**** GIVEN RECORDS ****

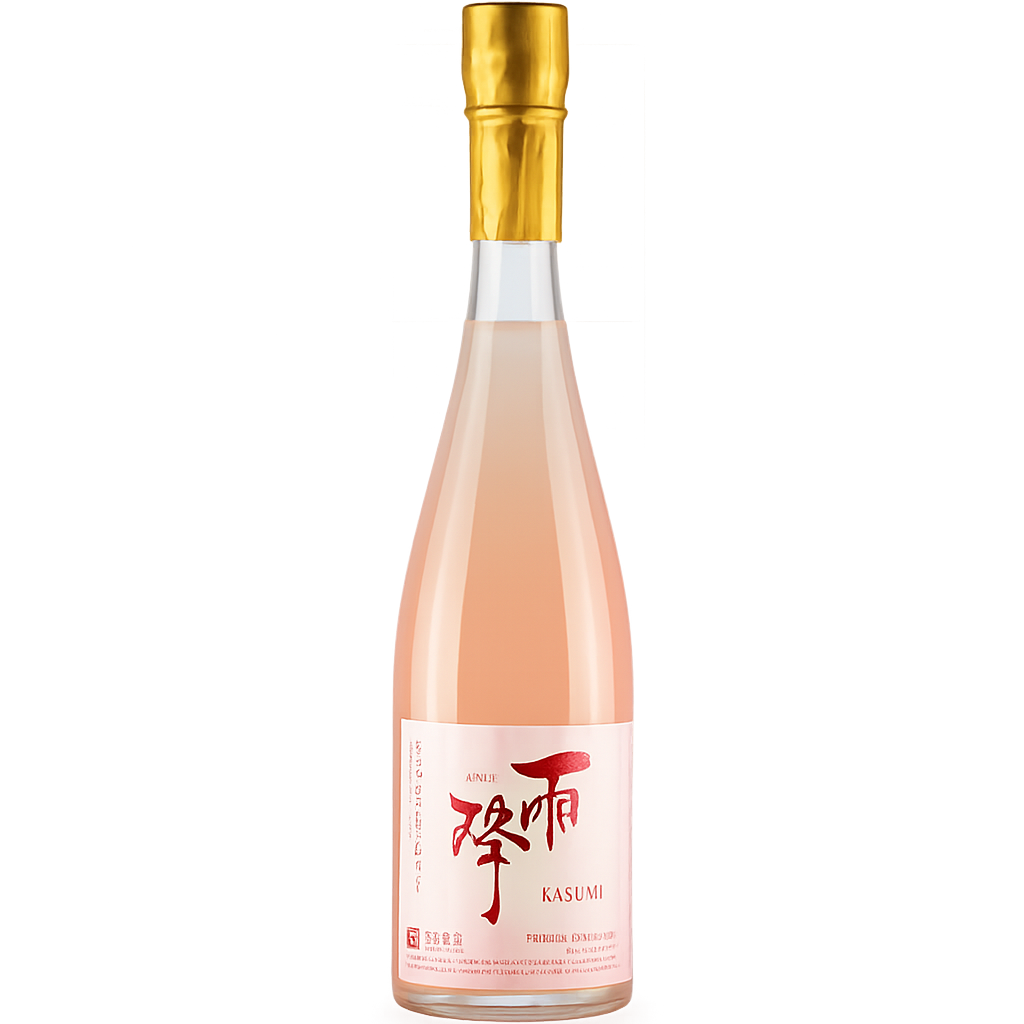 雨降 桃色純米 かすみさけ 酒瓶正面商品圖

****
**** GIVEN RECORDS ****

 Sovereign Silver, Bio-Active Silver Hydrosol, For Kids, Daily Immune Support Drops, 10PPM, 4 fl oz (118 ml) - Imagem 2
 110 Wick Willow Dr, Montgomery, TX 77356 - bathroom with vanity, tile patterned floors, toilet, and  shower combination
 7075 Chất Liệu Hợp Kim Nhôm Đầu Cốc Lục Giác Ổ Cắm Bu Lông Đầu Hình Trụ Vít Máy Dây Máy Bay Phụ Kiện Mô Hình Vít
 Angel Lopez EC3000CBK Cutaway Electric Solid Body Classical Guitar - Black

****

» DIRECTIONS:
Only the lines above starting at the one containing "7075 Chất Liệu" and ending at the one containing "Angel Lopez EC3000CBK", both included, are to be returned, exactly as they read.

» RESPONSE AREA:
 7075 Chất Liệu Hợp Kim Nhôm Đầu Cốc Lục Giác Ổ Cắm Bu Lông Đầu Hình Trụ Vít Máy Dây Máy Bay Phụ Kiện Mô Hình Vít
 Angel Lopez EC3000CBK Cutaway Electric Solid Body Classical Guitar - Black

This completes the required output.